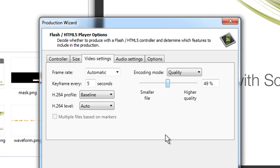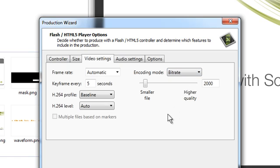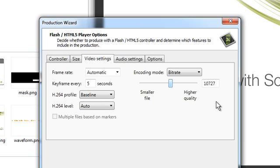If you're interested in creating a constant bit rate file, you do have to change this option to bit rate encoding mode. Again, you have a slider here with smaller file on one end and higher quality on the other, and you can drag it left or right. If you have a certain bit rate that you know you want, you can also just enter that directly. That will give you that CBR — that constant bit rate file.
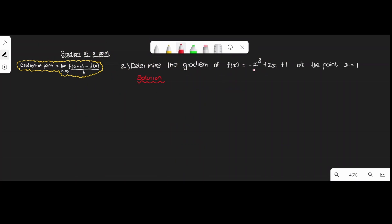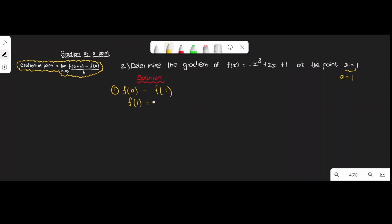Now let's look at another example. Determine the gradient of f(x) = -x³ + 2x + 1 at the point x = 1. Here x = 1 means a = 1. Step one: find f(a) = f(1) = -(1³) + 2(1) + 1, which equals 2. So f(a) = 2.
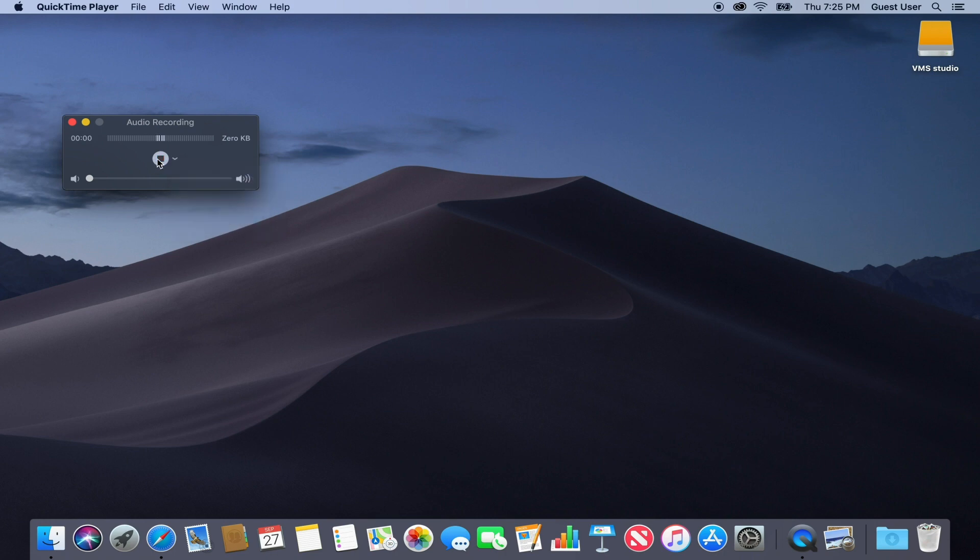Press Record. When done, press the Record button again. Now you can listen to your recording.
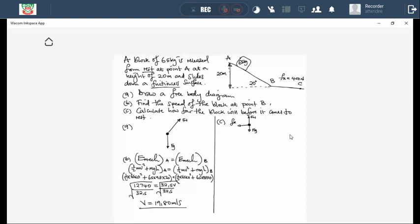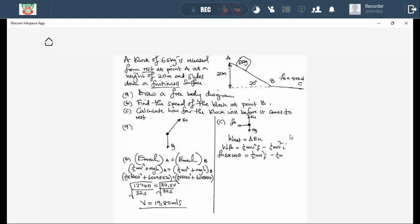We can make use of the work-energy theorem here because we have velocity at point B and velocity at point C. Net work done equals work done by friction (since Fn and Fg are perpendicular and do no work). The work-energy theorem: W_net = ΔEk. Work done by friction = Ff × Δx × cos θ = ½mv²_f − ½mv²_i. Friction is 400 N, displacement is what we're looking for, and theta is 180°.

▶ _TASK GOAL_
Starting at the line that holds "Press Record. When", repeat every line through the end of the listing exactly as written, skipping any picture.

▶ _OUTPUT OF THE TASK_
Press Record. When done, press the Record button again. Now you can listen to your recording.
We can make use of the work-energy theorem here because we have velocity at point B and velocity at point C. Net work done equals work done by friction (since Fn and Fg are perpendicular and do no work). The work-energy theorem: W_net = ΔEk. Work done by friction = Ff × Δx × cos θ = ½mv²_f − ½mv²_i. Friction is 400 N, displacement is what we're looking for, and theta is 180°.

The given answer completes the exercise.